Namun dalam adegan-adegan terakhir ini, film ini juga bermain dengan ketidakpastian metafisik dalam gambar berulang yang efektif dari persimpangan jalan yang sebenarnya. Karena konflik antara konvensi romantis dan kecemasan film ini tidak pernah terselesaikan, Cast Away meninggalkan kita menggantung. Tetapi ambiguitas akhir yang mengintai ini adalah harga kecil yang harus dibayar untuk kekuatan primal dari apa yang telah terjadi sebelumnya.
Cast Away diberi peringkat PG-13 (Orang Tua sangat diharapkan). Film ini mengandung beberapa bahasa yang kuat.
Kesimpulan
Pada akhirnya, Cast Away adalah kisah tentang manusia yang berjuang melawan kekuatan alam dan dirinya sendiri. Chuck Noland menjadi simbol dari semangat manusia yang tak pernah padam, meskipun dihadapkan pada keterasingan dan ketakutan yang paling mendalam.

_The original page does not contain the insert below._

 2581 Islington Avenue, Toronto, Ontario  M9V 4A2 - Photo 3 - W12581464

Refleksi ini mengingatkan kita pada filosofi eksistensialis dari Jean-Paul Sartre, yang menyatakan bahwa dalam ketiadaan kita menemukan kebebasan sejati kita. Chuck, dalam isolasinya, menemukan esensi dari keberadaannya, menghadapi absurditas kehidupan, dan dengan demikian, memahami arti sebenarnya dari keberanian dan ketahanan.

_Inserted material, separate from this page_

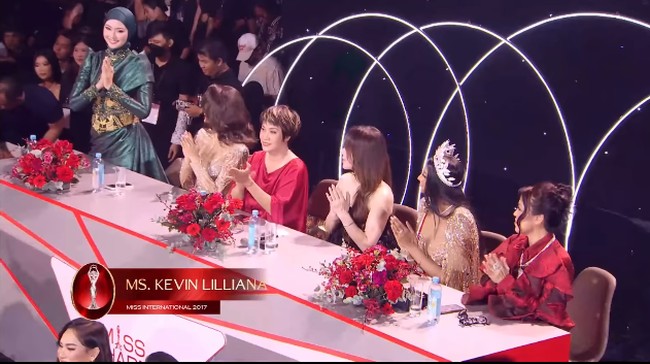 Gaya hijab dan busana Kevin Liliana saat menjadi juri di Miss Charm 2025.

Dengan menghadirkan cerita ini, kita diajak merenung tentang makna keberadaan, kekuatan dalam kesendirian, dan menemukan harapan bahkan dalam situasi yang paling suram. Sebuah kisah yang tidak hanya menggugah emosi, tetapi juga memantik refleksi mendalam tentang kehidupan dan maknanya.
Referensi
- Holden, S. (2000, December 22). Film Review; Ultimate Survivor, Man Against Nature. The New York Times. Retrieved from https://www.nytimes.com/2000/12/22/movies/film-review-ultimate-survivor-man-against-nature.html
- Sartre, J.-P. (1943). Being and Nothingness. Washington Square Press.